### Task data
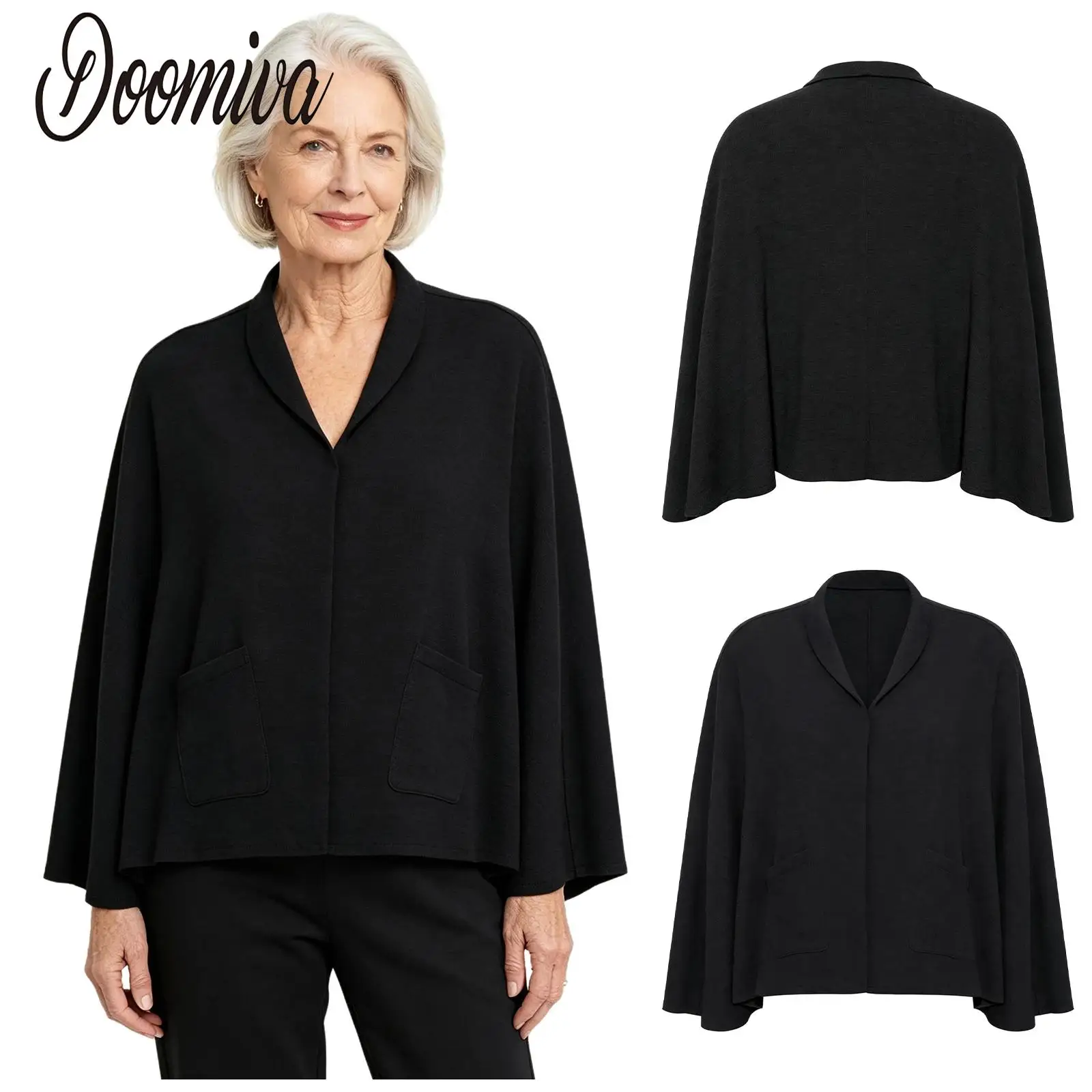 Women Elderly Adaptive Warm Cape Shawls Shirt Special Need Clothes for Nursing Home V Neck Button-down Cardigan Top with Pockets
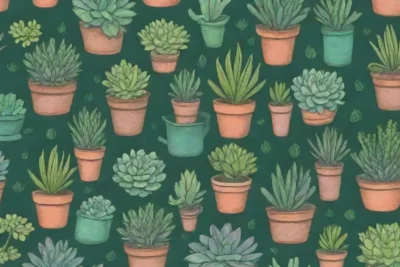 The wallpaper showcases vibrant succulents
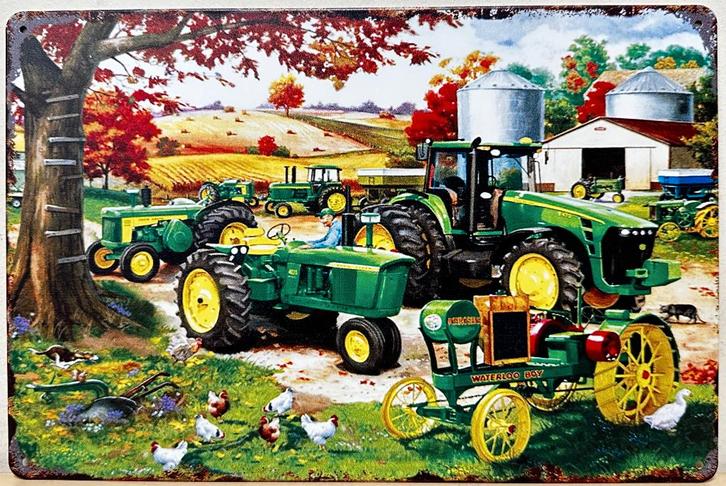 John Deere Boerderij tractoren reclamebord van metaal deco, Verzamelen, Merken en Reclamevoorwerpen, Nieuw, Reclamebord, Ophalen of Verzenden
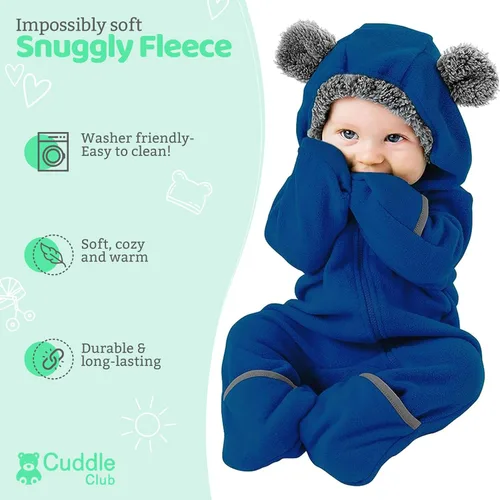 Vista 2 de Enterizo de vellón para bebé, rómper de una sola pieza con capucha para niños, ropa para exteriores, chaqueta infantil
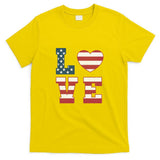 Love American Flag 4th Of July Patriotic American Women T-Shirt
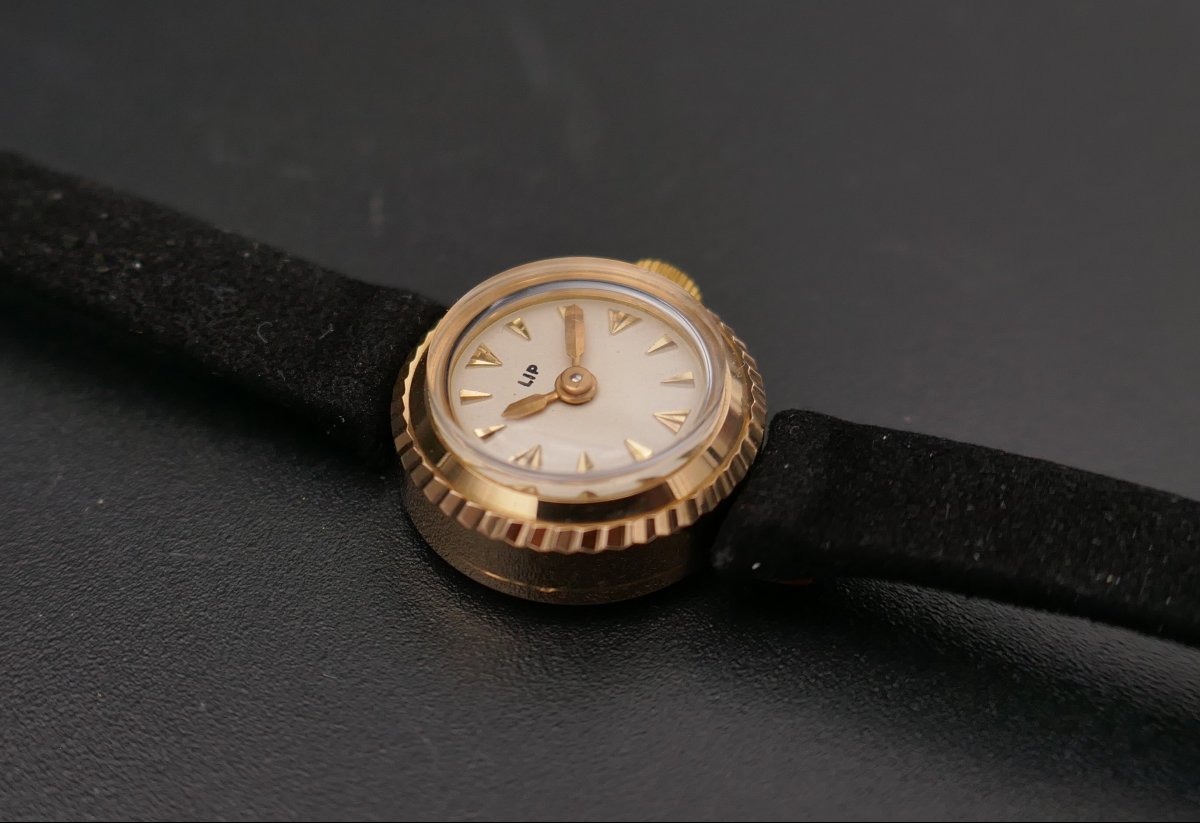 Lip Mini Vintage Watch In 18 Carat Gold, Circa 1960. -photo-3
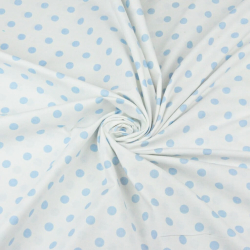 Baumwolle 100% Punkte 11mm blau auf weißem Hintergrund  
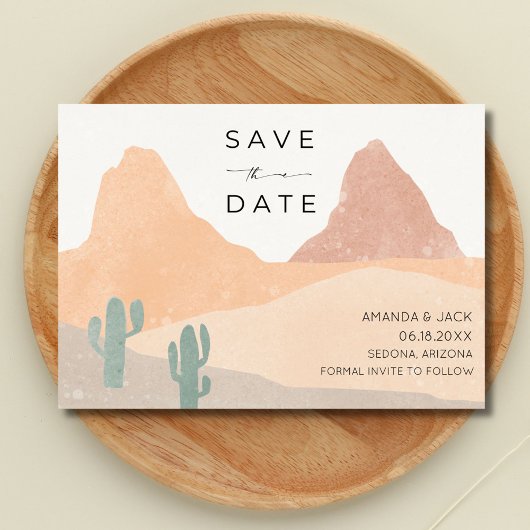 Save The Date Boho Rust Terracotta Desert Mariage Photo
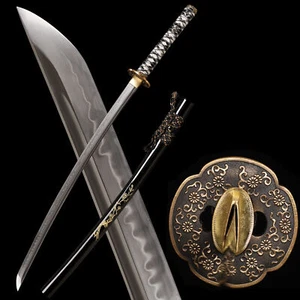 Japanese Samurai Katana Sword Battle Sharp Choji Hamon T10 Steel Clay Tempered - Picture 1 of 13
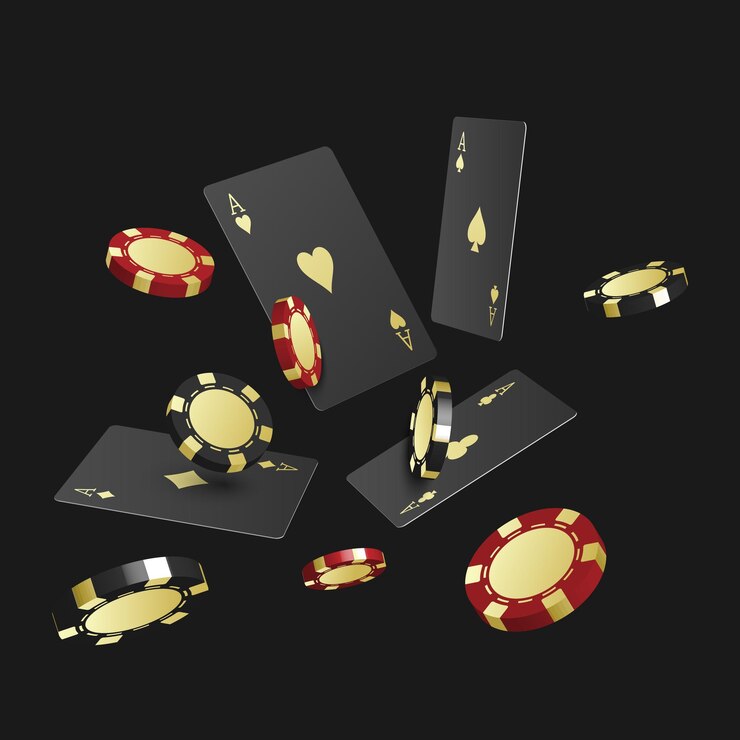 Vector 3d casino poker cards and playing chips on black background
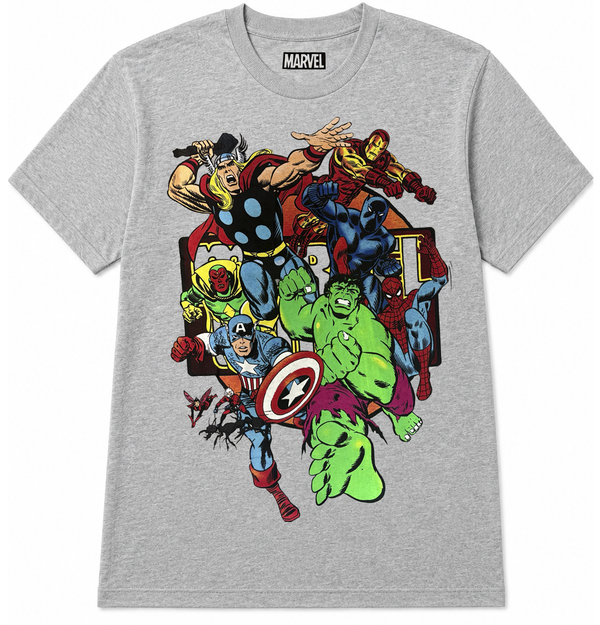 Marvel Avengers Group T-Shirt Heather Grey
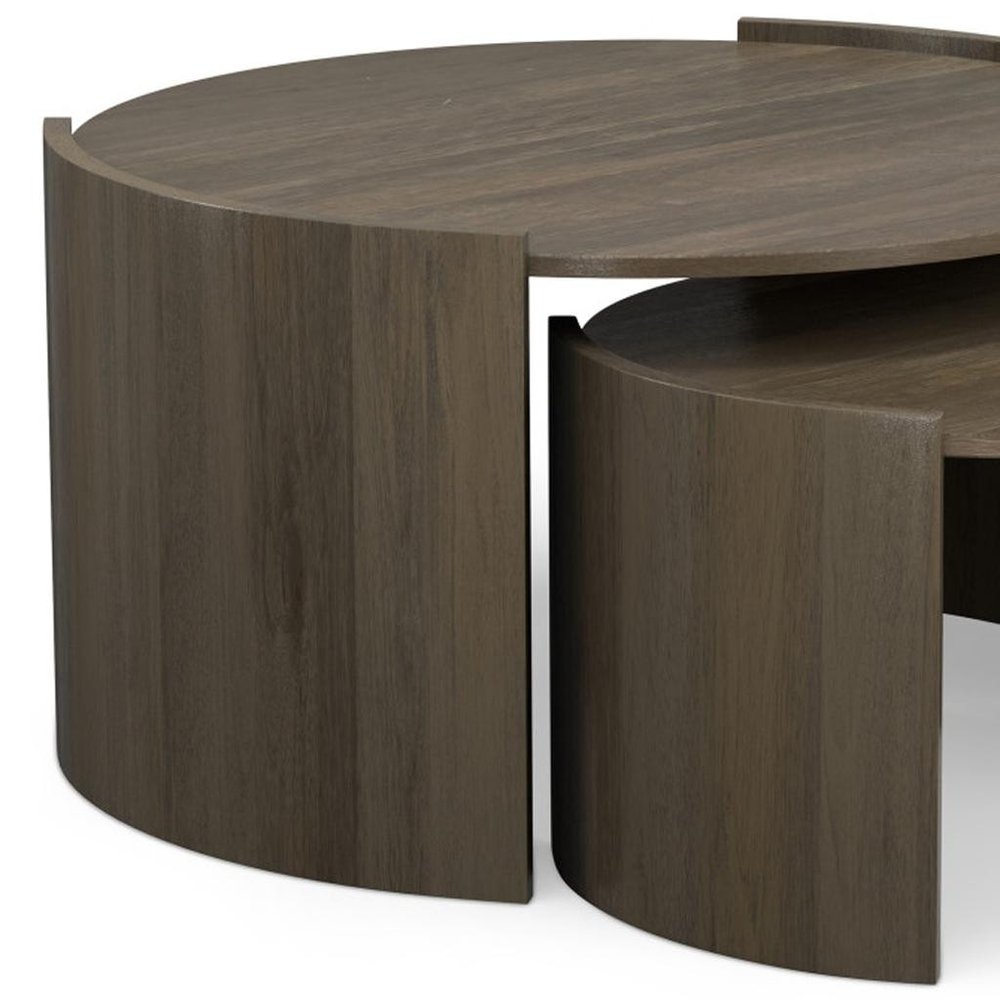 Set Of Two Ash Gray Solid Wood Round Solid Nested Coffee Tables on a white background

### Task goal
Copy out exactly the material that runs from the line with "The wallpaper showcases vibrant succulents" to the line with "Lip Mini Vintage", ends included, and leave the pictures behind.

### Finished task
 The wallpaper showcases vibrant succulents
 John Deere Boerderij tractoren reclamebord van metaal deco, Verzamelen, Merken en Reclamevoorwerpen, Nieuw, Reclamebord, Ophalen of Verzenden
 Vista 2 de Enterizo de vellón para bebé, rómper de una sola pieza con capucha para niños, ropa para exteriores, chaqueta infantil
 Love American Flag 4th Of July Patriotic American Women T-Shirt
 Lip Mini Vintage Watch In 18 Carat Gold, Circa 1960. -photo-3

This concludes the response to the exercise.